Brazilian Tribe Has World's Highest Suicide Rate
The world's suicide rate is highest among Brazil's Guarani tribe, a new study reveals.
The study by Indigenous Missionary Council (CIMI) suggests that at least 72 Guarani people committed suicide in 2013, the highest number of suicide recorded in 28 years.
Most of the Guarani people, who hanged themselves were aged between 15 and 30 years with some as young as 12 years old.
"They have no future, no respect, no work and no land to plant and live. Choose to die because they are actually already dead inside," a Guarani man said.
Guarani people are one of the first communities contacted by Europeans in South America about 500 years ago. They live in the southern Brazilian state of Mato Grosso do Sul.
According to the study, in the period between 1986 and 1997, 244 deaths by suicide were recorded among the Guarani, a number that has almost tripled in the last decade with 684 cases reported between 2000 and 2013.
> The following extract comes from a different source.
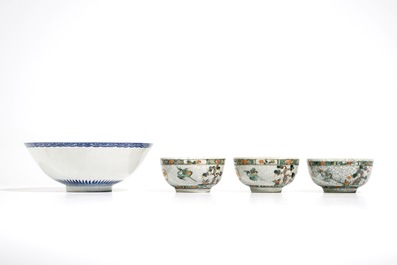 Three Chinese famille verte crackle glaze cups and saucers and a blue and white soft paste bowl, Kangxi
The main cause for the suicide by Guarani people has been the loss of their ancestral lands, according to tribal rights group Survival International.
Their lands are being used for setting up sugarcane plantations and cattle ranches to meet the needs of Brazil's biofuel market.
Most recently, the Coca-Cola Company was dragged into the tribe's land conflict as the beverage giant sources sugar from Bunge, which buys sugar cane from five farms located on the Guarani lands.
"Coca-Cola is contributing to the destruction and misery of the Guarani Indians because it is buying sugar from a company which sources sugar cane from land stolen from the Guarani. Let my relatives, the Guarani, live!" Amazon Indian Nixiwaka told Survival.